◆ **Exercise details**: All lines between the start of the listing below and the line containing "Jordan 1 High", inclusive, must be repeated exactly.

◆ **Supplied data**:
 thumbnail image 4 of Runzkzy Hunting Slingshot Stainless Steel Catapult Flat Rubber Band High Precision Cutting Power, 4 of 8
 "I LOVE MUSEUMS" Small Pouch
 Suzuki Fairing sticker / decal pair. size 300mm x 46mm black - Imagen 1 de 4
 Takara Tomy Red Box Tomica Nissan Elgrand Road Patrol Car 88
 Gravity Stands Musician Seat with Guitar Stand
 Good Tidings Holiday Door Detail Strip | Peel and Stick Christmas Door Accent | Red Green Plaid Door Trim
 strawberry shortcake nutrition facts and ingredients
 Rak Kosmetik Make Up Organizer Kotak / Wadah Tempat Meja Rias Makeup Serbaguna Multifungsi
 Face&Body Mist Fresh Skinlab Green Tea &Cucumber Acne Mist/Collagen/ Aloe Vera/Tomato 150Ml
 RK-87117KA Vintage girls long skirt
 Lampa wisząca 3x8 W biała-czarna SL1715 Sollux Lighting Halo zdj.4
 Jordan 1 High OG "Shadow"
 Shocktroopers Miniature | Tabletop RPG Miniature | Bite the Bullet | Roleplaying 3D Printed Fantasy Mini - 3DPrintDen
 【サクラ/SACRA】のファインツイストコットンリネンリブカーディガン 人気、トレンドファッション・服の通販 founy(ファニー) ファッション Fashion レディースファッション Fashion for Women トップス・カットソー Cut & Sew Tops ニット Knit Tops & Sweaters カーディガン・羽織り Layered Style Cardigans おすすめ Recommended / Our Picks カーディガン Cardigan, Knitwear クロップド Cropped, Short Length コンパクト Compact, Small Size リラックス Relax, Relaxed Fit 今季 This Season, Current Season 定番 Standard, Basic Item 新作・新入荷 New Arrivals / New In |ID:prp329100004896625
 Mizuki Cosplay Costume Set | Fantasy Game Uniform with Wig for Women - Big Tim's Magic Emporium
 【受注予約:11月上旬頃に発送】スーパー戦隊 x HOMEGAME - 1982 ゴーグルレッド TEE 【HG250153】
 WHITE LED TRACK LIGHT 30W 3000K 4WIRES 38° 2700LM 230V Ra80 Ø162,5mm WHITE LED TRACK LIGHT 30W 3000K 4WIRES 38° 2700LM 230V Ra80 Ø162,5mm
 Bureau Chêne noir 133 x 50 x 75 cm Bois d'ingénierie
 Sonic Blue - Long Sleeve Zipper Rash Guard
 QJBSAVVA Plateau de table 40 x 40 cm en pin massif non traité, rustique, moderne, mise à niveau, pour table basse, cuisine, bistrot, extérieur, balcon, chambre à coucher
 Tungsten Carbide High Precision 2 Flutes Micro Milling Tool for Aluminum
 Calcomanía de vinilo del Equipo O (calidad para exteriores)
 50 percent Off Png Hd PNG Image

◆ **Output below**:
 thumbnail image 4 of Runzkzy Hunting Slingshot Stainless Steel Catapult Flat Rubber Band High Precision Cutting Power, 4 of 8
 "I LOVE MUSEUMS" Small Pouch
 Suzuki Fairing sticker / decal pair. size 300mm x 46mm black - Imagen 1 de 4
 Takara Tomy Red Box Tomica Nissan Elgrand Road Patrol Car 88
 Gravity Stands Musician Seat with Guitar Stand
 Good Tidings Holiday Door Detail Strip | Peel and Stick Christmas Door Accent | Red Green Plaid Door Trim
 strawberry shortcake nutrition facts and ingredients
 Rak Kosmetik Make Up Organizer Kotak / Wadah Tempat Meja Rias Makeup Serbaguna Multifungsi
 Face&Body Mist Fresh Skinlab Green Tea &Cucumber Acne Mist/Collagen/ Aloe Vera/Tomato 150Ml
 RK-87117KA Vintage girls long skirt
 Lampa wisząca 3x8 W biała-czarna SL1715 Sollux Lighting Halo zdj.4
 Jordan 1 High OG "Shadow"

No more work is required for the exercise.